# Editor



## kay hall (Feb 2, 2011)

I am having a difficult time finding an editor and google search isn't helping. Any suggestions?


----------



## strangedaze (Feb 2, 2011)

youre probably going to have to be a bit more specific. do you mean:

1. a specific editor in the industry? (ie: someone in a publishing house)

2. a non-specific editor who you will pay to comment on your work?

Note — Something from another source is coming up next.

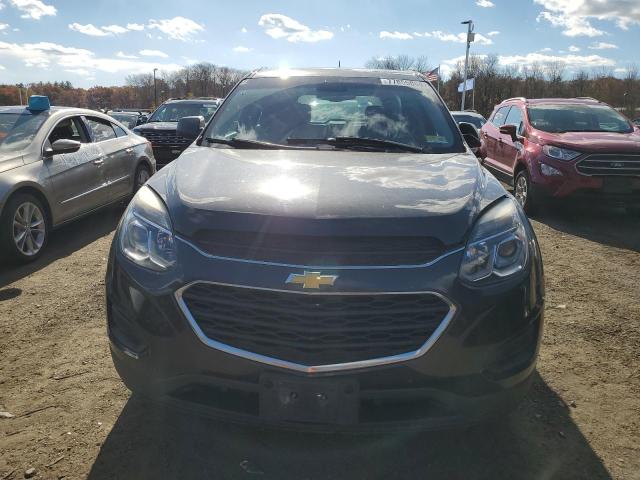 VIN 2GNFLEEK2G6302858 2016 Chevrolet Equinox, LS no.5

3. someone completely different that the above two? in which case, explain.


----------



## kay hall (Feb 2, 2011)

The second one, I'm searching for an editor that will comment on my work and help make it better.  Not in the publishing house.


----------



## strangedaze (Feb 2, 2011)

im canadian, so my recommendations would be canadian, but marnie woodrow is pretty awesome at this kind of thing - Story Coach: About

you could also try the writers union of canada, which will list authors who also edit manuscripts.


----------



## kay hall (Feb 2, 2011)

Thanks, do you know/heard of anyone like that in the states?


----------



## WriterJohnB (Feb 4, 2011)

Kay,

I occasionally do proofreading and critique, and I've been told I'm pretty good at it. If you want to send me a first chapter to take a look at (free, of course), PM me. I'm pretty experienced in the writing world, nearly perfect at grammar and spelling, and - WARNING - I'm totally honest in my opinions. If I think your novel sucks, I'll say so, but not in such harsh words.

JohnB


----------